Blind faith is as bad as an obsession. It is harmful to one's own inward progress and is a nuisance to the happy life of the society. Sometimes these blind believers are a great trouble to others, especially when they insist on others' acceptance of their beliefs. All conduct which does not respect others' views and feelings, which cannot understand others' problems and difficulties, which has no care for others' good or welfare, should be considered as unspiritual in its essence, whatever be the importance of the person possessing such a nature. Also, any conduct which is ruinous to one's own higher upliftment, which is suicidal in any sense of the term, which is psychologically pathogenic and harmful either to one's body or mind, should be regarded as unspiritual. For spirituality, let it be remembered, is the most wholesome life of an all-inclusive conscious expansion of one's being in the healthy feeling of a joy and a sense of power in one's Self, which language cannot express or describe fully. It is the beginning of a universal Self-Possession, where creation seems to seep into one's existence, and in a flash of consciousness, man achieves awareness that his entire nature, physical and intangible, is bound up with all life that throbs and pulsates everywhere. In the lofty reaches of spiritual experience, one becomes all-inclusive, is included in all, and cognises and realises everything. This experience is super-sensory, super-mental and super-intellectual, and here the personality tends to disintegrate and one feels like being swept into a sphere of vaster implications, plumbing abysmal depths, scaling dizzy heights, viewing vast vistas unknown on earth. There is a sensation of Power which affects every particle of one's nature, and one is bathed in the Light of indescribable brightness. There is an awareness of the interpenetration of all things, and one is simultaneously in all places. Every single detail is exactly known in its own place, and in its minute detail, in its relationship to the Whole. Everything becomes crystal-clear, light shines separately from each single point in space, not merely from some orb like the sun from somewhere in distant space. One becomes immortal.

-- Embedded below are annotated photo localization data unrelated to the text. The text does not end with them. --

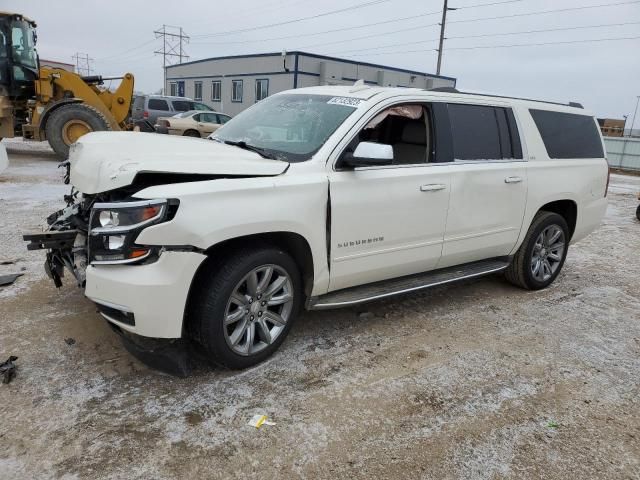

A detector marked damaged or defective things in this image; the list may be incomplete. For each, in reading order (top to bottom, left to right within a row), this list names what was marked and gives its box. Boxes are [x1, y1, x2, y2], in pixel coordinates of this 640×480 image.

crumpled hood [69, 132, 288, 194]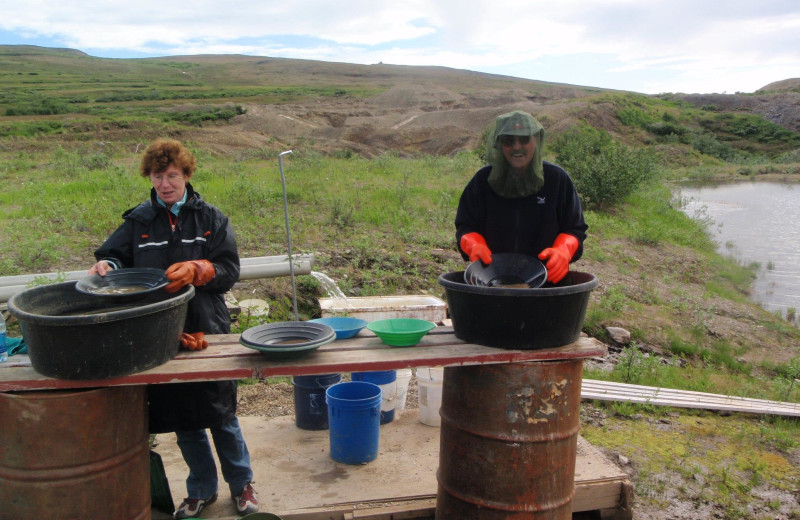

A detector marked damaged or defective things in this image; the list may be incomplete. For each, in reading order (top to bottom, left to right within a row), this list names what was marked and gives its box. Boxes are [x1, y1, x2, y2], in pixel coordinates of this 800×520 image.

rusty metal barrel [0, 386, 151, 520]
rusty metal barrel [438, 362, 580, 520]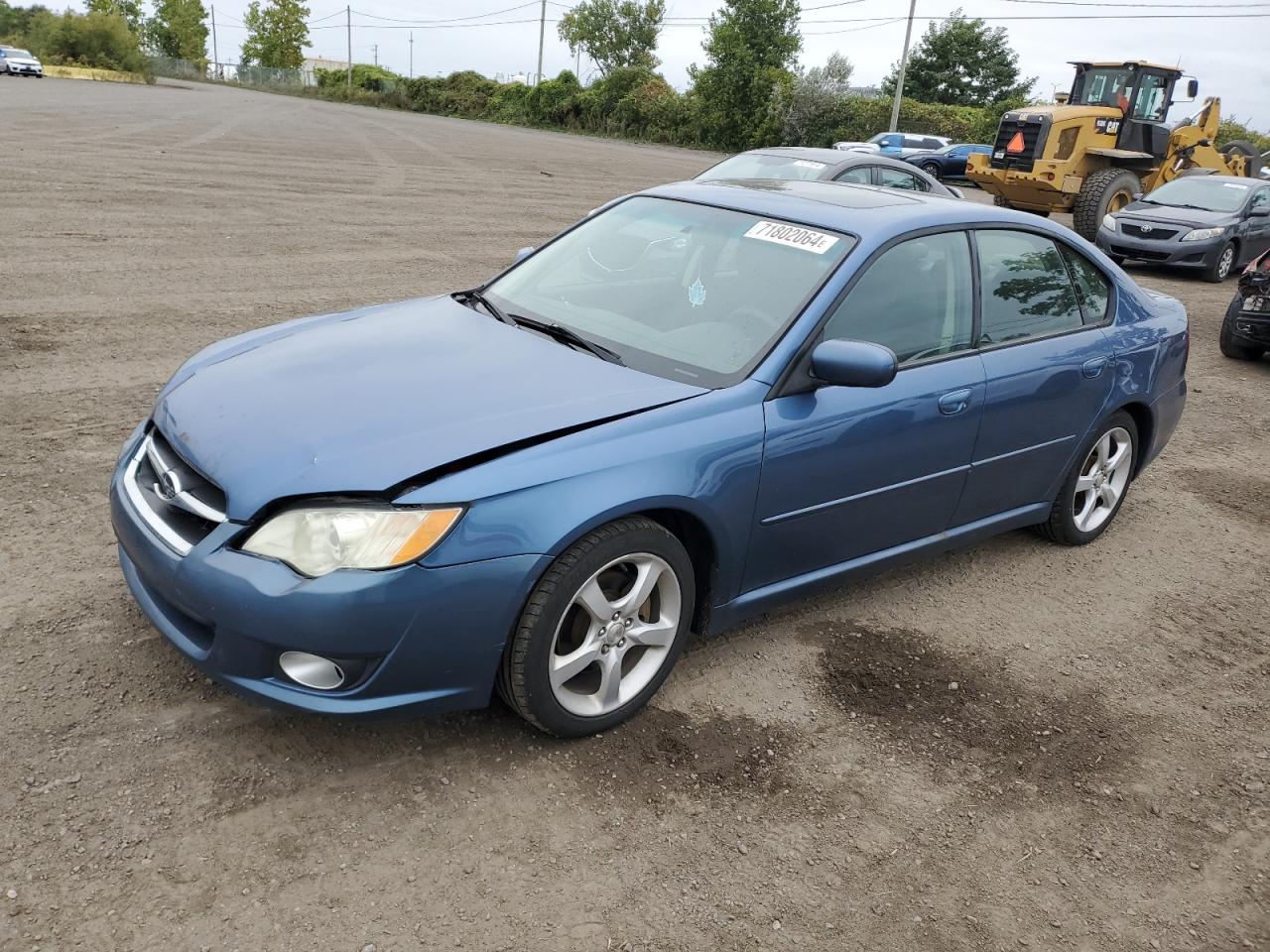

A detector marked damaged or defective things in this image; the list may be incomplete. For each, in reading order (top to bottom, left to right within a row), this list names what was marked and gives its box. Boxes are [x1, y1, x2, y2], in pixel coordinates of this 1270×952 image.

We do not hint that spiritual aspirants, in the initial stages, will have any such experience, but this grand ideal is placed before the seeking soul so that it may become its touchstone, its yardstick, in testing and measuring the quality and extent of its experiences and achievements. Unless one's life and conduct reflects in even the smallest measure an intelligible relation to this Goal set forth, one can be sure that there is something wrong in the whole structure of Sadhana, and a thorough investigation of its fibre has to be done immediately. Else there is every possibility of the rising of that psychological tearing up of one's life as a whole, as detailed above, a most undesirable thing to be envisaged by anyone with common sense.